Polar Rose releases photo sharing site - tll
http://www.polarrose.com

======
wallflower
There was a company called Riya that had some similar, advanced face detection
technology. It launched in 2006 as a photo sharing site with face detection.
However, relatively soon it shifted direction. It may not bode well for
PolarRose that Riya relaunched as Like.com after deciding that licensing its
face-detection algorithms would not be as good a business path as allowing
people to search (and shop) visually.

<http://money.cnn.com/2006/07/06/technology/riyastartup.biz2>

Riya received funding of $4M (Series A) and $15M (Series B) and their
Bangalore and SV-based teams (mostly computer vision Ph.D's) developed the
technology over a period of 2 years. $5.2M for PolarRose is impressive, if
they have developed equivalent technology.

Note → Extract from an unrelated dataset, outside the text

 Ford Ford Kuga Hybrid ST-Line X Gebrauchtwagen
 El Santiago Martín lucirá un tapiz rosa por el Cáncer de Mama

It is possible that Riya's technology is behind iPhoto's face recognition. Or
maybe Apple developed its own technology. Either way, face recognition now
seems to be on it's way to a commodity technology and feature.

"Worked with the US team of 14 Stanford Computer Vision PhDs, and 6
Engineering and Management members from Cornell and Stanford - led and grew
the team at Bangalore from a one-man-army to 30 engineers and 4 researchers."

<http://www.linkedin.com/in/sandeepgain>

------
ktharavaad
Their face detection/recognition technology isn't even that great from my
informal tests, I think any graduate student + openCV can come close. the
pittpatt one is much better.

------
swombat
That's a pretty editorialised headline! Why not just "Polar Rose releases
photo sharing site"?

------
jemmons
When I think "Polar Rose", I think "A service that encumbers photos with
hovering icons that in no way indicate their purpose while obscuring my
picture."

------
pclark
$5M doesn't seem a crazy amount for 2.5 years -- I think there is some pretty
hardcore technology powering this site.